En la vasta historia de la animación, pocos personajes han logrado capturar la imaginación y el corazón de generaciones como lo han
hecho un gato azul grisáceo y un pequeño ratón marrón.
Desde su primer encuentro en la pantalla grande en 1940, Tom y Jerry se han convertido en sinónimo de humor visual, persecuciones
desenfrenadas y una rivalidad eterna que, a pesar de su simplicidad, ha dejado una huella imborrable en la
cultura popular.
El año era 1940, y en los estudios de Metro-Goldwyn-Mayer (MGM), dos jóvenes animadores, William Hanna y Joseph Barbera, estaban a
punto de dar vida a uno de los dúos más icónicos de la historia de la animación: Tom y Jerry.
Pero antes de que estos nombres se convirtieran en sinónimo de la eterna batalla entre un gato y un ratón, los personajes originales tenían nombres muy distintos.
En su primer corto, titulado “Puss Gets the Boot”, el gato se llamaba Jasper y el ratón, Jinx.
Puss Gets the Boot fue lanzado el 10 de febrero de 1940, y aunque inicialmente el equipo de MGM no mostró mucho interés en continuar con la serie, el corto fue un éxito rotundo.
El público quedó cautivado por la ingeniosa persecución entre el gato y el ratón, y esto se reflejó en una nominación al Oscar para el mejor corto de animación.
A pesar de este logro, los nombres de Jasper y Jinx no resonaron lo suficiente como para dejar una marca duradera en la cultura popular.
Fue entonces cuando MGM decidió organizar un concurso interno para renombrar a los personajes, y el animador John Carr sugirió los nombres de Tom y Jerry, inspirados en un popular ponche navideño.
Carr ganó el concurso y fue premiado con 50 dólares, un pequeño monto considerando la magnitud que alcanzaría la serie.
Con los nuevos nombres y una fórmula ganadora en sus manos, Hanna y Barbera se embarcaron en la producción de más cortos de Tom y Jerry.
Durante los siguientes 17 años, entre 1940 y 1957, se produjeron un total de 114 cortometrajes, 13 de los cuales fueron nominados al
Oscar, y 7 de ellos ganaron, incluyendo títulos emblemáticos como“Yankee Doodle Mouse”(1943),“The Cat Concerto” (1947) y “Johann Mouse” (1953).
Estos logros consolidaron a Tom y Jerry como los reyes de la animación de la época y les otorgaron un lugar especial en la historia del cine animado.
El estilo de Tom y Jerry, marcado por un humor visual y acción casi continua, fue un gran éxito entre las audiencias.
La serie se distinguió por la ausencia casi total de diálogos, con los personajes comunicándose principalmente a través de expresiones faciales y movimientos corporales exagerados, acompañados por la música dinámica del compositor Scott Bradley.

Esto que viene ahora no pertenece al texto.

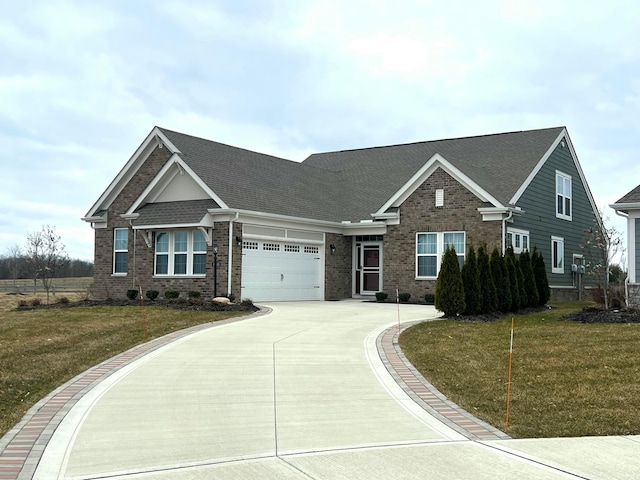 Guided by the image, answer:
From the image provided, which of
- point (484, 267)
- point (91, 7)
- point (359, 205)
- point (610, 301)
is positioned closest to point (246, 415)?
point (91, 7)

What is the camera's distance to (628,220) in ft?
63.3

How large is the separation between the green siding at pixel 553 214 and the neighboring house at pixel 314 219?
0.28ft

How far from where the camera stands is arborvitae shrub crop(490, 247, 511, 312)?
797 inches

Este enfoque, centrado en la comedia física, permitió que los cortos fueran comprendidos
y disfrutados por públicos de todo el mundo, independientemente del idioma.

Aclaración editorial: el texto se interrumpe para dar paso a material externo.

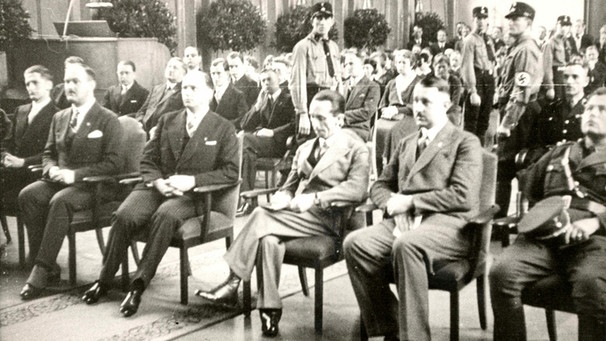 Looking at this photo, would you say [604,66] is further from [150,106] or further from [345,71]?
[150,106]

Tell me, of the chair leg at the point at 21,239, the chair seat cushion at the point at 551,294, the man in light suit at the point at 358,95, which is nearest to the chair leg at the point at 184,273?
the chair leg at the point at 21,239

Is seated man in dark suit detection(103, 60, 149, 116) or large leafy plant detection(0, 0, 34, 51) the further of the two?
seated man in dark suit detection(103, 60, 149, 116)

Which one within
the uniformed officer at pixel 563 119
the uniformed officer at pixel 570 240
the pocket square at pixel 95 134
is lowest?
the uniformed officer at pixel 570 240

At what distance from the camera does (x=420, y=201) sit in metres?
3.23

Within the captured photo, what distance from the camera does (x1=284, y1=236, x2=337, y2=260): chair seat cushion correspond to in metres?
3.52

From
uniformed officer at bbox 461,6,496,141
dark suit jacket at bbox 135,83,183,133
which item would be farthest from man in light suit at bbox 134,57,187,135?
uniformed officer at bbox 461,6,496,141

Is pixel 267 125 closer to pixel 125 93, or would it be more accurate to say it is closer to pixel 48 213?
pixel 125 93

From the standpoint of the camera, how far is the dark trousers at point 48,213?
13.0 feet

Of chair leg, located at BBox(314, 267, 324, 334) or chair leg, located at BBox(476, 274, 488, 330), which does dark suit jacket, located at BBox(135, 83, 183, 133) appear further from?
chair leg, located at BBox(476, 274, 488, 330)

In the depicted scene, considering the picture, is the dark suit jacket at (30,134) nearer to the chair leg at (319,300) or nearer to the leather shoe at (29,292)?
the leather shoe at (29,292)

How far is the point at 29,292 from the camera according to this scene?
12.7 feet

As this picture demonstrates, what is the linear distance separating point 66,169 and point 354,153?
5.18 ft

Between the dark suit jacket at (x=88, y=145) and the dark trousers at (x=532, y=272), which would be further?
the dark suit jacket at (x=88, y=145)

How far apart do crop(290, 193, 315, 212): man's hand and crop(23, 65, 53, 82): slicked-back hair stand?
1.42 m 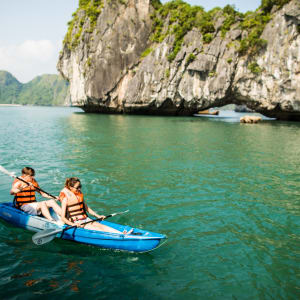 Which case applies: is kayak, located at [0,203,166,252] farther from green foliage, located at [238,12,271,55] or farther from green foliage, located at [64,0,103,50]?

A lo largo de su historia, Tom y Jerry han sido objeto de controversias.
Algunas de las primeras caricaturas presentaban estereotipos raciales y personajes como Mammy Two Shoes, una representación de una mujer afroamericana, que en las décadas posteriores fue considerada ofensiva y fue eliminada o modificada en las retransmisiones televisivas.
A pesar de estos elementos problemáticos, la serie ha logrado adaptarse y evolucionar, manteniendo su popularidad en un mundo cambiante.
El impacto de Tom y Jerry en la cultura popular es innegable. Desde sus humildes comienzos en 1940
hasta convertirse en un fenómeno global, estos personajes han dejado una marca indeleble en la historia de la animación.
Su capacidad para reinventarse y adaptarse a diferentes épocas y formatos, desde el cine hasta la televisión y el streaming, demuestra la universalidad y el atractivo duradero de la rivalidad entre un gato torpe y un ratón astuto.